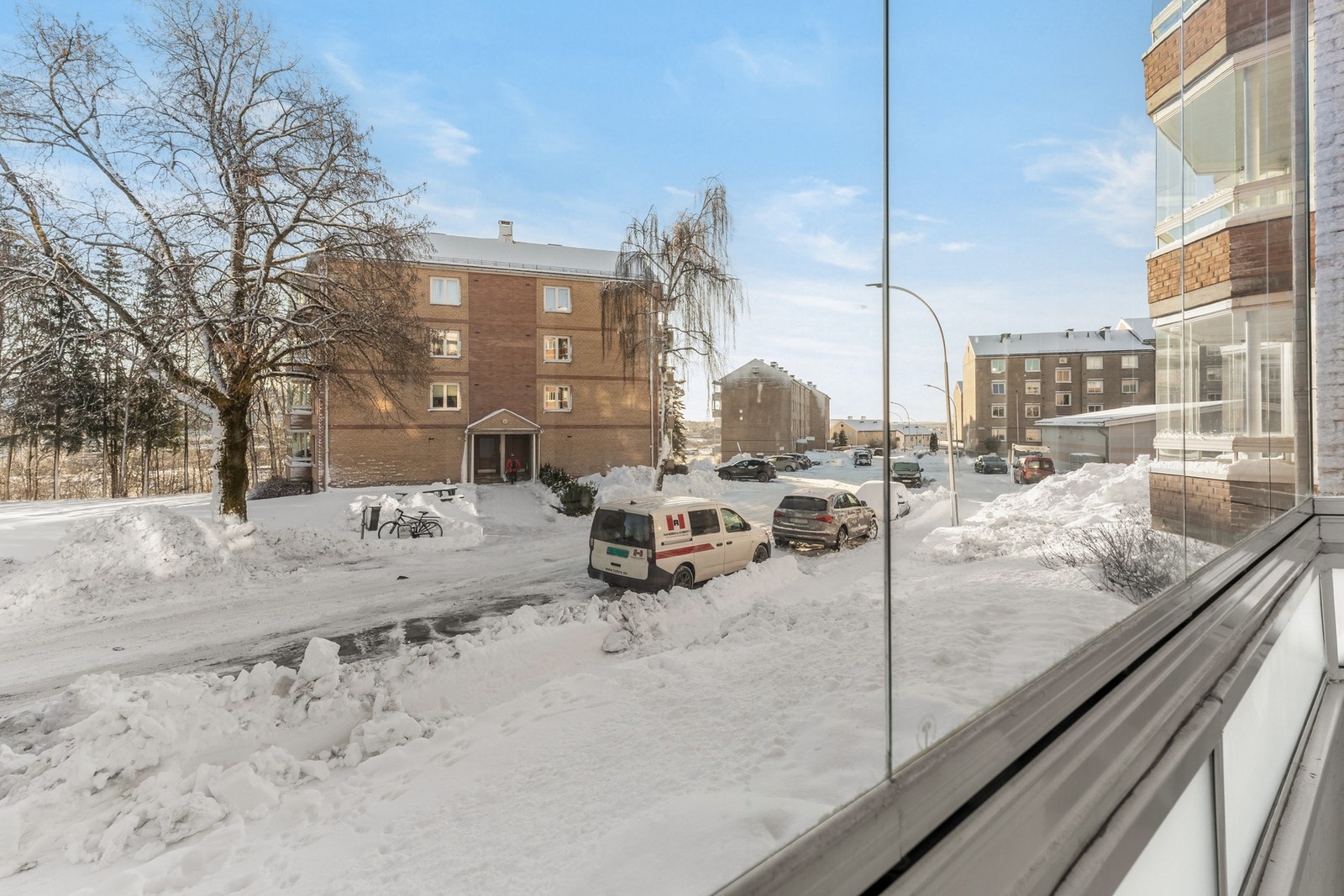 Glassvinduene kan enkelt skyves til siden for å slippe inn frisk luft, og skaper en fleksibel løsning året rundt. Galleribilde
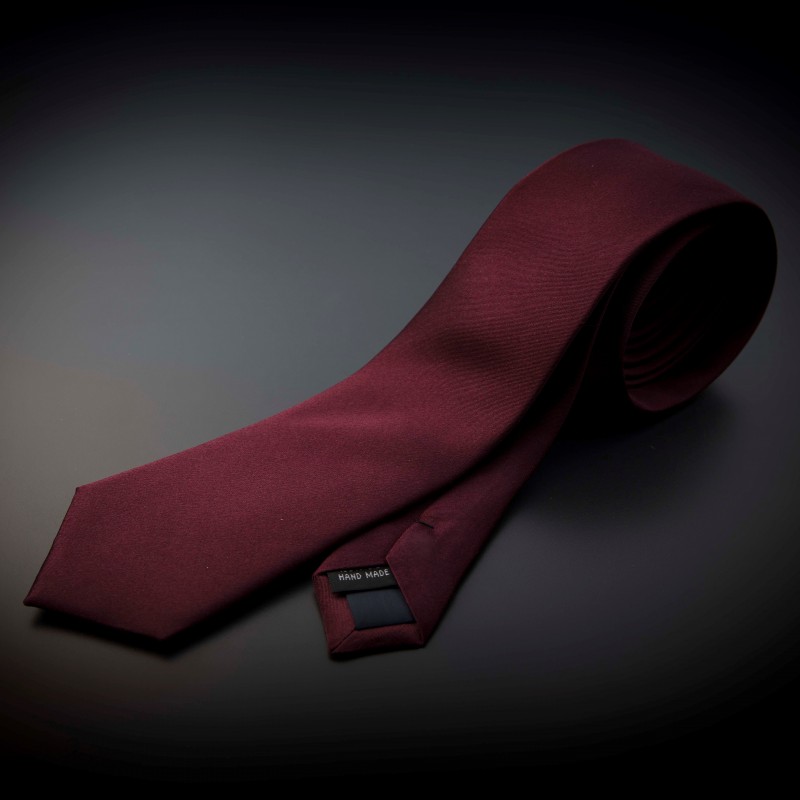Cravate homme pure soie - couleur unie bordeau Cravate homme pure soie - couleur unie bordeau
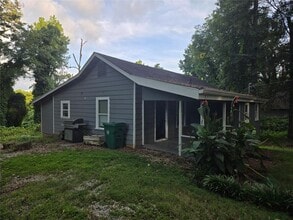 Building Photo - 1105 N Valley Brook Rd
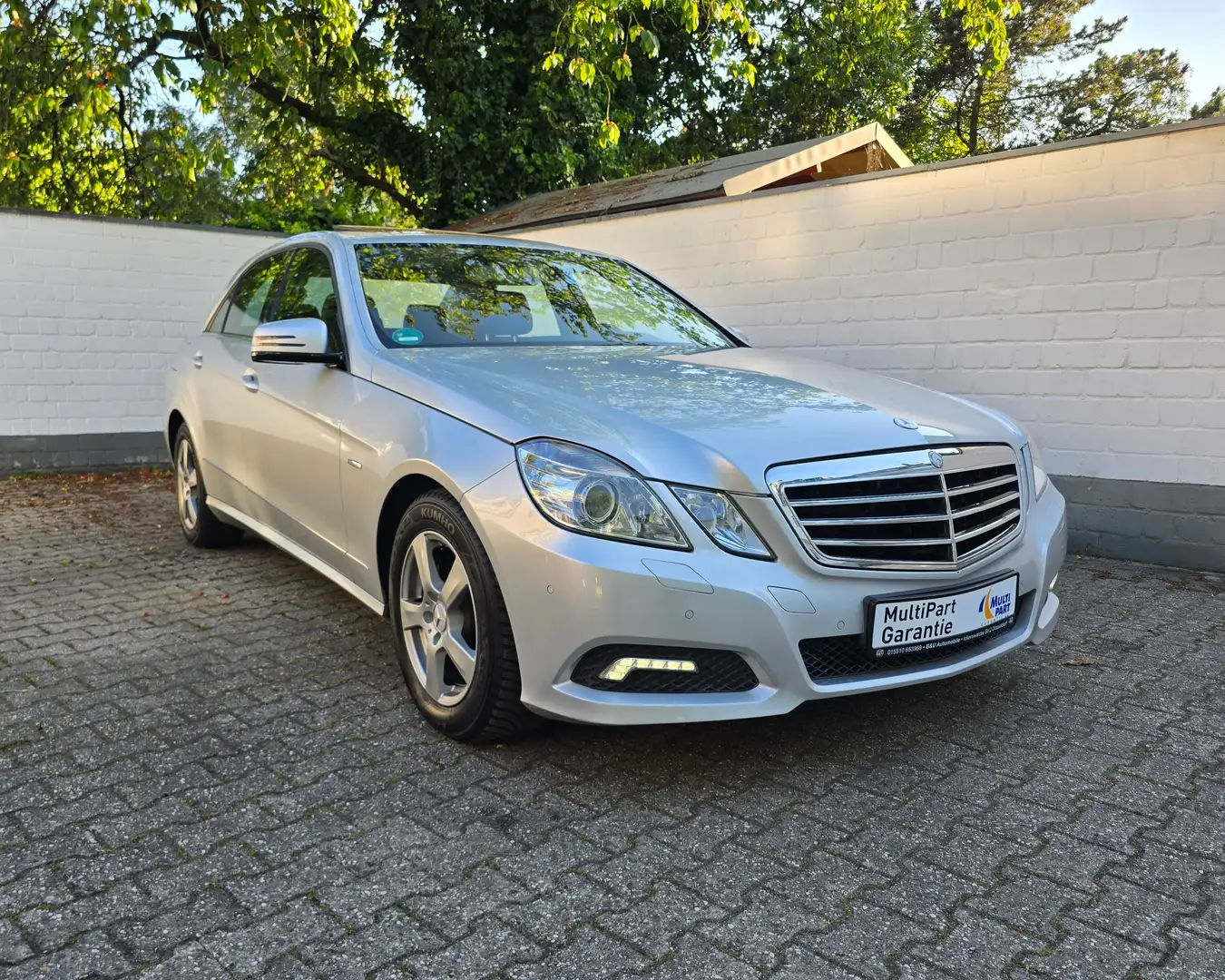 Mercedes-Benz E 250 Mercedes-Benz E250 Schiebedach|Avantgarde|Garantie Silber - 2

:: Exercise prompt ::
Would you please output the listing above exactly, leaving out the pictures?

:: Result of the exercise ::
 Glassvinduene kan enkelt skyves til siden for å slippe inn frisk luft, og skaper en fleksibel løsning året rundt. Galleribilde
Cravate homme pure soie - couleur unie bordeau Cravate homme pure soie - couleur unie bordeau
 Building Photo - 1105 N Valley Brook Rd
 Mercedes-Benz E 250 Mercedes-Benz E250 Schiebedach|Avantgarde|Garantie Silber - 2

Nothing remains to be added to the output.